-- WORK TO BE COMPLETED --
Any picture must be dropped, but each line of the data should be duplicated exactly.
[EXERCISE DATA — start]
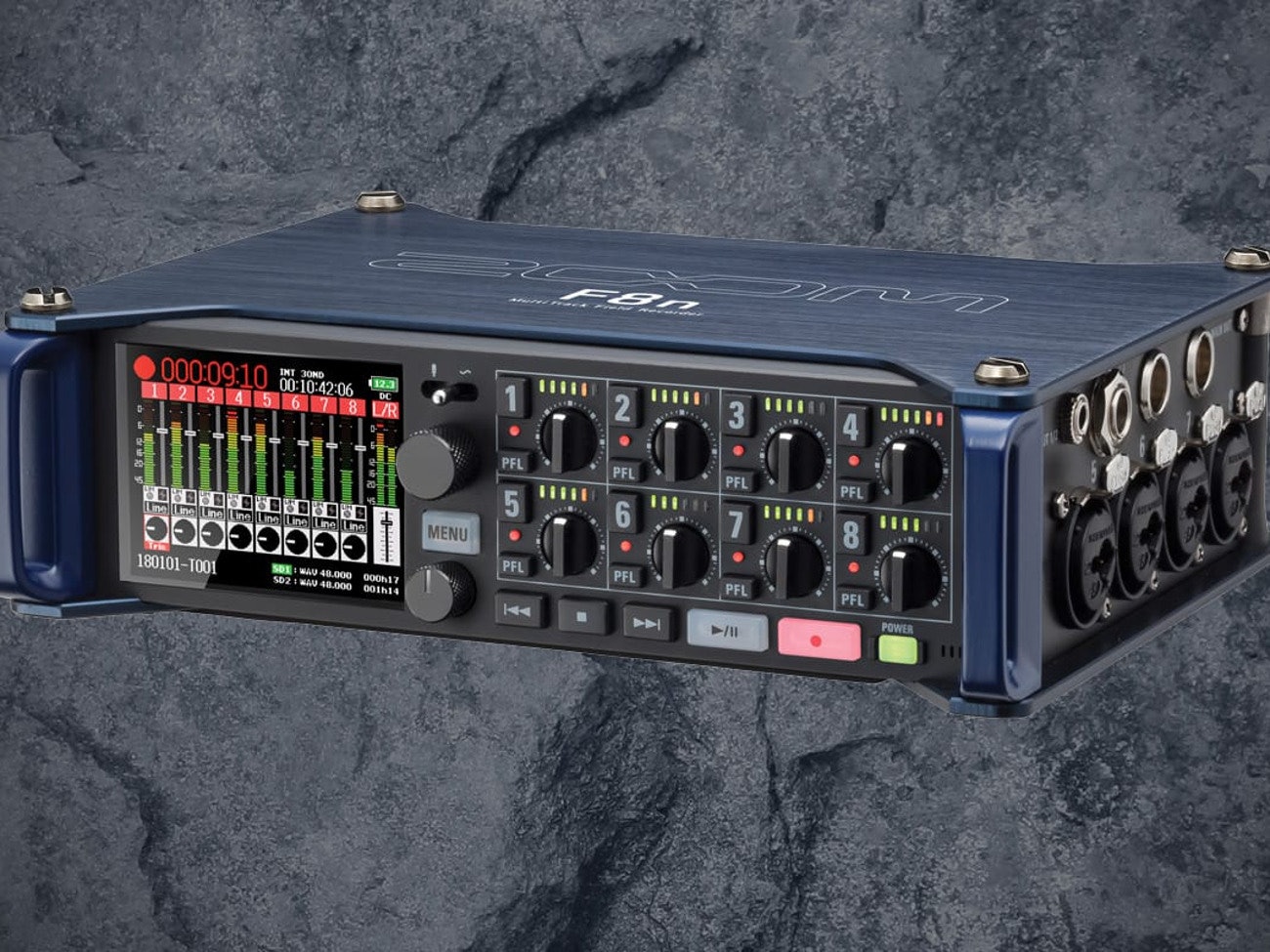 Zoom f8n multitrack field recorder sound bag & sd card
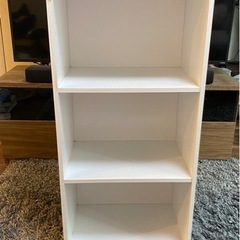 白い収納ケース２つ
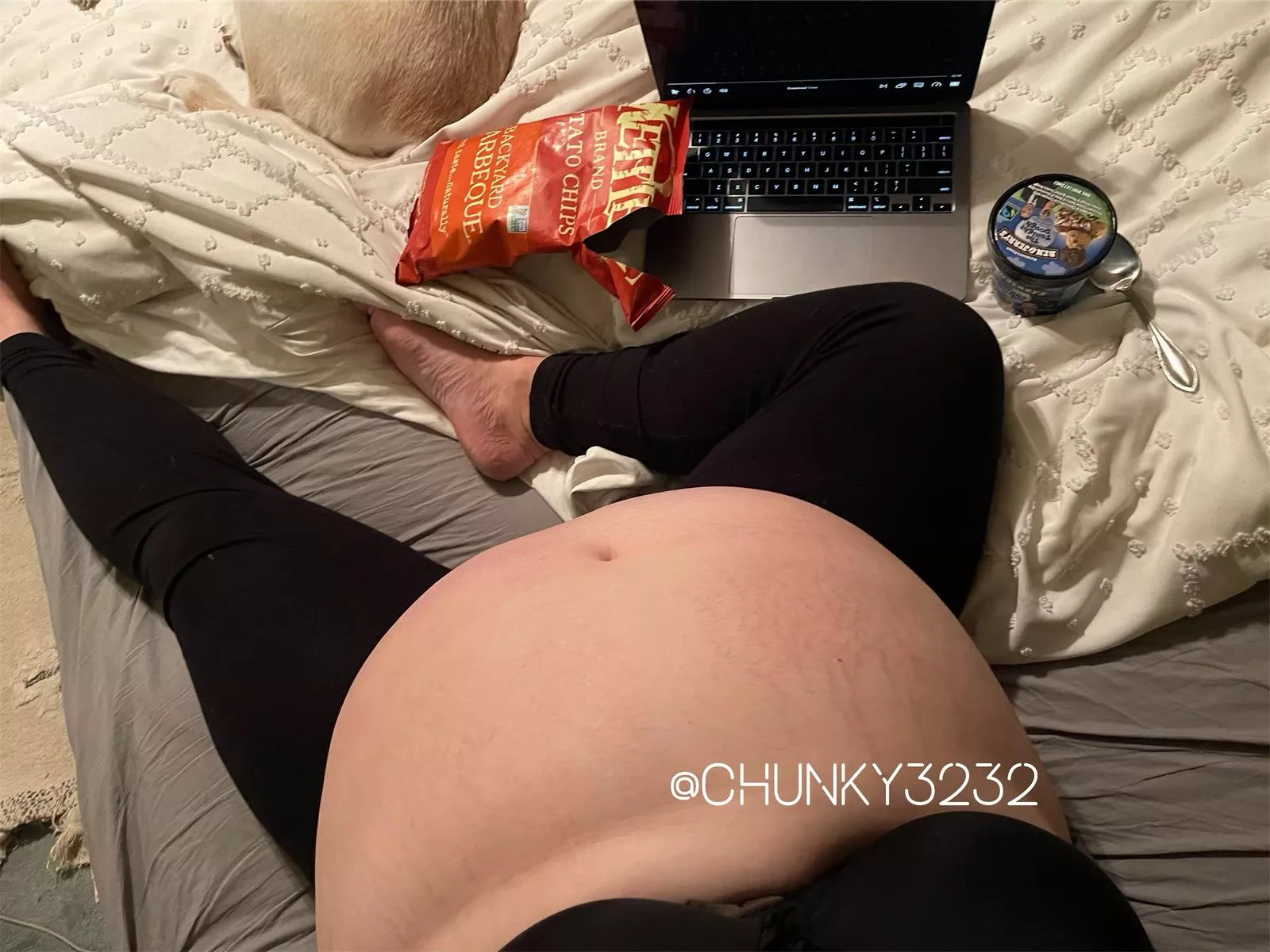 Sunday evening snack time. I need to be fed, spoiled and rubbed🥺🥺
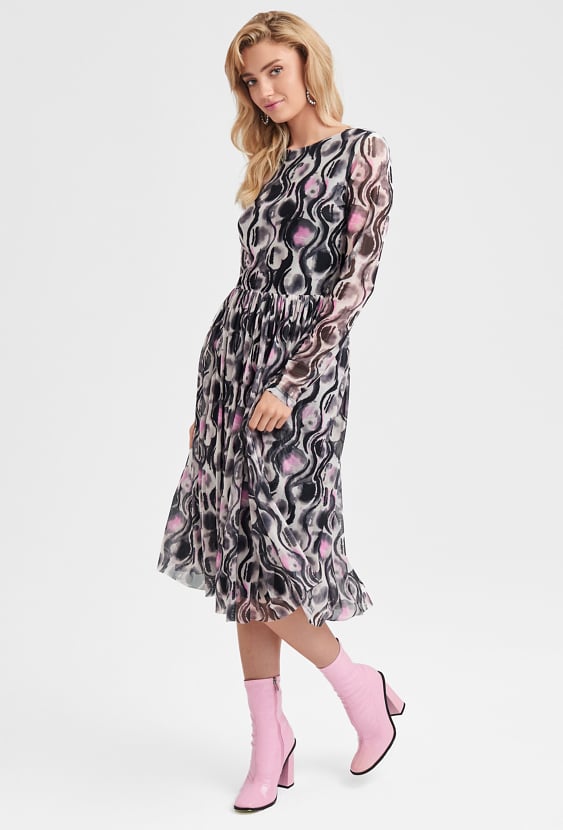 Wzorzysta sukienka mini z dzianiny mesh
[EXERCISE DATA — finish]
-- TASK ANSWER --
 Zoom f8n multitrack field recorder sound bag & sd card
 白い収納ケース２つ
 Sunday evening snack time. I need to be fed, spoiled and rubbed🥺🥺
 Wzorzysta sukienka mini z dzianiny mesh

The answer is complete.